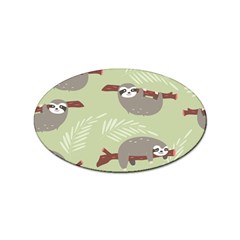 Sloths-pattern-design Sticker (oval) by Salman4z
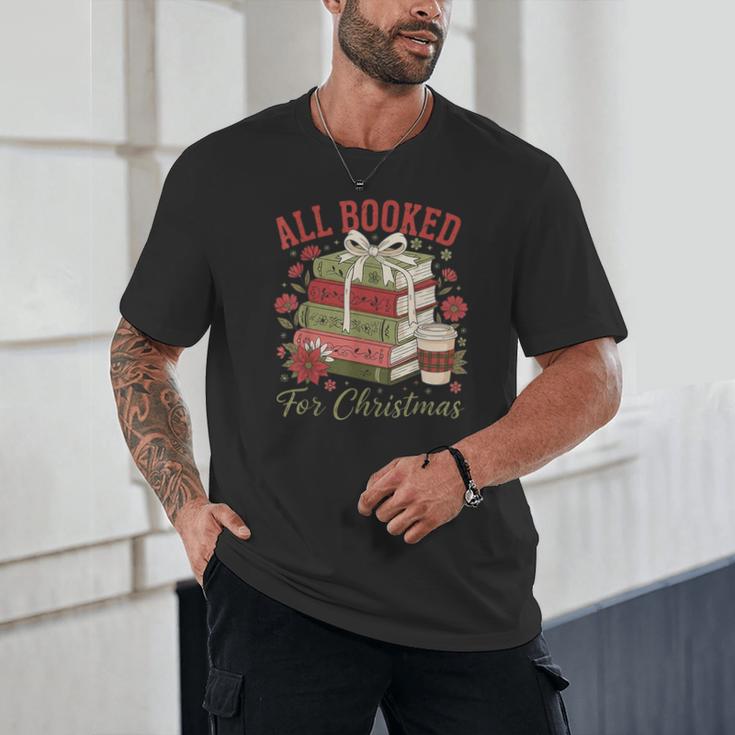 All Booked For Christmas Coquette Xmas Book Club Book Lovers Unisex T-Shirt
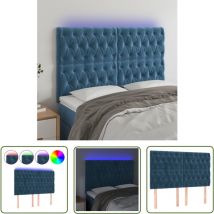 The Living Store led Kopfteil Dunkelblau 144x7x118/128 cm Samt - Samt Kopfteil - led Beleuchtung - Bettkopf - Nachttischlampe - Wohnzimmer Deko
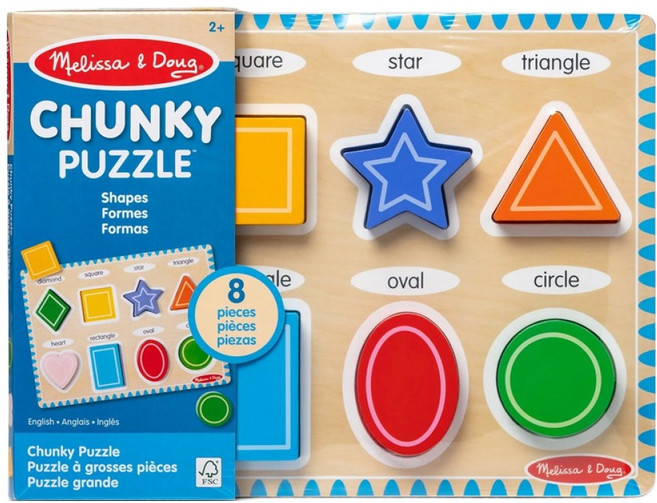 Melissa&Doug 瑪莉莎 形狀立體拼圖 SM6074444, 1個, 8件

## GOAL OF THE EXERCISE
Begin at the first line of the material and copy each line exactly through the one containing "The Living Store". Omit pictures.

## RESPONSE TO THIS EXERCISE
 Sloths-pattern-design Sticker (oval) by Salman4z
 All Booked For Christmas Coquette Xmas Book Club Book Lovers Unisex T-Shirt
 The Living Store led Kopfteil Dunkelblau 144x7x118/128 cm Samt - Samt Kopfteil - led Beleuchtung - Bettkopf - Nachttischlampe - Wohnzimmer Deko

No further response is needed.